Барон втянул ноздрями бодрящий ночной воздух, сведя лопатки, с наслаждением, до хруста потянулся и неожиданно предложил:
– А хорошо бы, отец, вина выпить. Имеется тут у вас пьяный угол?
– Отчего не быть? В квартале отсюда Самвела шалман. А если просто, на вынос, так вон, в том доме, Верка-Стрекоза торгует.
– Может, добредем до Верки, купим да и раскатаем бутылочку? А то у меня сейчас такое состояние, словно бы уже где-то близко, но еще не. Недопил.
– Да у меня, положа руку за пазуху, с деньгами не очень, – смутившись, признался Казанец.
– Не бери в голову. Поделим полномочия: с тебя – наводка, с меня – бутылка.
– Не вопрос! – расплылся в довольной улыбке Казанец.
И они отправились к Стрекозе. И купили за две цены бутылку портвейна.
Которую и распили там же, во дворе, на лавочке.
За успех предстоящего совместного воровского предприятия…

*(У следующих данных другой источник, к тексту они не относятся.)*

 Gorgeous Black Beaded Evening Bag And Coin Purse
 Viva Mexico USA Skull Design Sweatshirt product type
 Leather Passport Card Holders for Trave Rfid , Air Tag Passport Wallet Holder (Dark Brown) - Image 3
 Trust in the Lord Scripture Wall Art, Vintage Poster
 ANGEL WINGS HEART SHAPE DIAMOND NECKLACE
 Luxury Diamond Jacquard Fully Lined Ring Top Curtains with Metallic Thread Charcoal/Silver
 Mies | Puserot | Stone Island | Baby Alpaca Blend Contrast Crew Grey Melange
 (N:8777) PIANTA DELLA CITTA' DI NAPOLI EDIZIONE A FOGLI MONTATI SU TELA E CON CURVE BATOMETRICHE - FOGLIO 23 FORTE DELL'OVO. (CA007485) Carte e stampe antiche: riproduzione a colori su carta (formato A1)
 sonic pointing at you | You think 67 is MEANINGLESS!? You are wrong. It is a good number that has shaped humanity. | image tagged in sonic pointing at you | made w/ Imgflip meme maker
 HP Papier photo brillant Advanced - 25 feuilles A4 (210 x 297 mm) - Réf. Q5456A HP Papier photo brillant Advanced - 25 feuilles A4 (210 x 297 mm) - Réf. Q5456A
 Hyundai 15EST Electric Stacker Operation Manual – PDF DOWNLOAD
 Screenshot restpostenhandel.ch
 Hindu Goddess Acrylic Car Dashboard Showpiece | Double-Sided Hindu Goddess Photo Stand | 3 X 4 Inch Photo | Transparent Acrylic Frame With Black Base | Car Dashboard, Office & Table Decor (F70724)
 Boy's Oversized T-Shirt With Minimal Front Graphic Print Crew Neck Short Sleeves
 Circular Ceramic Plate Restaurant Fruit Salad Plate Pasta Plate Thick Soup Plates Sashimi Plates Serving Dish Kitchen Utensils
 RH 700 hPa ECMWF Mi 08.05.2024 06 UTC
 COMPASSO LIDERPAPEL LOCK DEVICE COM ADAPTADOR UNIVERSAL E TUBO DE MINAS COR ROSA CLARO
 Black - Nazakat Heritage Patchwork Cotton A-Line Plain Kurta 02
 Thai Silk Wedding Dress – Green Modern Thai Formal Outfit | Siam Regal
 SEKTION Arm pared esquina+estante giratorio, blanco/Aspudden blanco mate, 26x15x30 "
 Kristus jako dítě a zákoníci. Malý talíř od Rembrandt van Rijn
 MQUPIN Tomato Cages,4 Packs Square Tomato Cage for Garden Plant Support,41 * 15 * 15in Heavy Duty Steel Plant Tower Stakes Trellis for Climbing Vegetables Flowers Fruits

Странное дело: как правило, Барон достаточно настороженно относился к новым знакомствам, однако этот персонаж из команды Шаланды глянулся ему с ходу.
По натуре был Казанец той вольной запорожской породы, что любит и умеет веселиться и за словом в карман не лезет. Такие вот парни некогда сидели на веслах у Стеньки Разина, прорывали фронт под командованием Брусилова, совершали эксы с анархистской братвой и держали Одессу, закусывая перед последней атакой ленточку в зубах. Это именно о таких говорили враги: «Помяни черта – тот и появится». Единственное, на что они были категорически не способны, так это на подлость. И в данном случае неважно, где и кому они служили. Именно такие вот персонажи, как правило, и становятся – Тёркиными на войне и честняками на зоне…
* * *
Вторник 17 июля 1962 года навсегда вошел в историю Советской страны. Именно в этот день, совершив поход подо льдами Арктики, первая советская атомная подводная лодка К-3 под командованием капитана 2-го ранга Льва Жильцова достигла Северного полюса. Дважды пройдя географическую точку полюса, лодка всплыла среди паковых льдов, и на вершине торосового льда ее экипаж водрузил государственный флаг СССР [48].